Correlation, example 2:
cor.test(x, y, method = 'kendall', alternative = 'greater')
Kendall's rank correlation tau
data: x and y
T = 26, p-value = 0.05972
alternative hypothesis: true tau is greater than 0
sample estimates:
tau
0.4444444
cor.test(x, y, method = 'spearman', alternative = 'greater')
Spearman's rank correlation rho
data: x and y
S = 48, p-value = 0.0484
alternative hypothesis: true rho is greater than 0
sample estimates:
rho
0.6
Correlation, example 2:
Was it correct to test one-sided (i.e. using the argument alternative = 'greater')?
What would happen to the p-value if we tested two-sided?
cor.test(x, y, method = 'kendall') cor.test(x, y, method = 'spearman')
- Why is there no ‘alternative’ argument specified this time?
- The p-values are now both non-significant, why? Did you expect this?

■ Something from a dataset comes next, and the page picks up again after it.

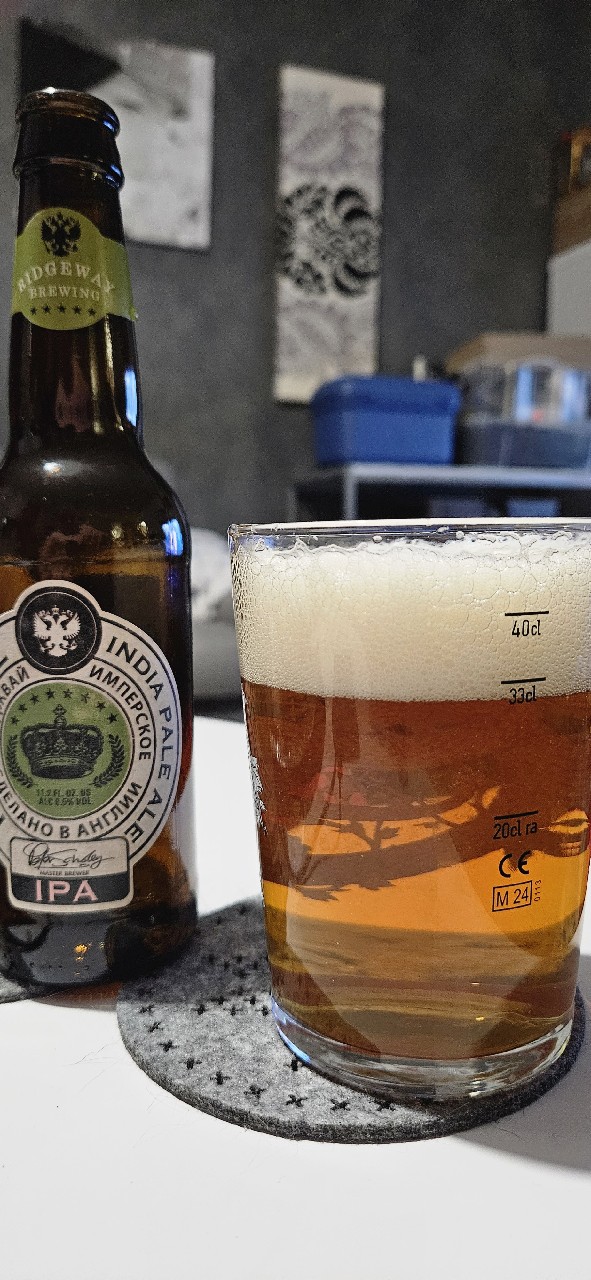 Ridgeway Imperial India Pale Ale, Ridgeway Brewing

Plotting two continuous variables
Let us use the USArrests data set to produce a ‘scatter plot’:
plot(USArrests$Assault ~ USArrests$UrbanPop,
xlab = 'Urban population (%)',
ylab = 'Number of assaults/year')
Customising plots
Let us use the USArrests data set:
plot(USArrests$Assault ~ USArrests$UrbanPop,
xlab = 'Urban population (%)',
ylab = 'Number of assaults/year',
xlim = c(0, 100), ylim = c(0, 400), #Note that plots usually don't have titles
main = 'Correlation plot') #but titles are useful on exploratory plots!
Customising plots
plot(USArrests$Assault ~ USArrests$UrbanPop,
xlab = 'Urban population (%)',
ylab = 'Number of assaults/year',
xlim = c(0, 100), ylim = c(0, 400),
main = 'Correlation plot')
text(20, 350, 'p-value (Kendall) = 0.04')
Customising plots
plot(USArrests$Assault ~ USArrests$UrbanPop,
xlab = 'Urban population (%)',
ylab = 'Number of assaults/year',
xlim = c(0, 100), ylim = c(0, 400),
las = 1, tcl = .3, pch = 16, col = 'blue')
text(x = 20, y = 350, 'p-value (Kendal) = 0.04')
Example data analysis
In the data set ‘iris’, does petal length correlate with sepal length? Take all the necessary steps to test for this correlation and conclude.
Is your answer true for all three species?
Reporting statistical results in a text
T-test/Wilcoxon test:
- Significant: E.g. ‘Rats on treated islands were significantly lighter than rats on control islands (t-test, p = 0.0287)’
- Non-significant: E.g. ‘Rats on treated islands were not significantly lighter than rats on control islands (t-test, p = 0.64)’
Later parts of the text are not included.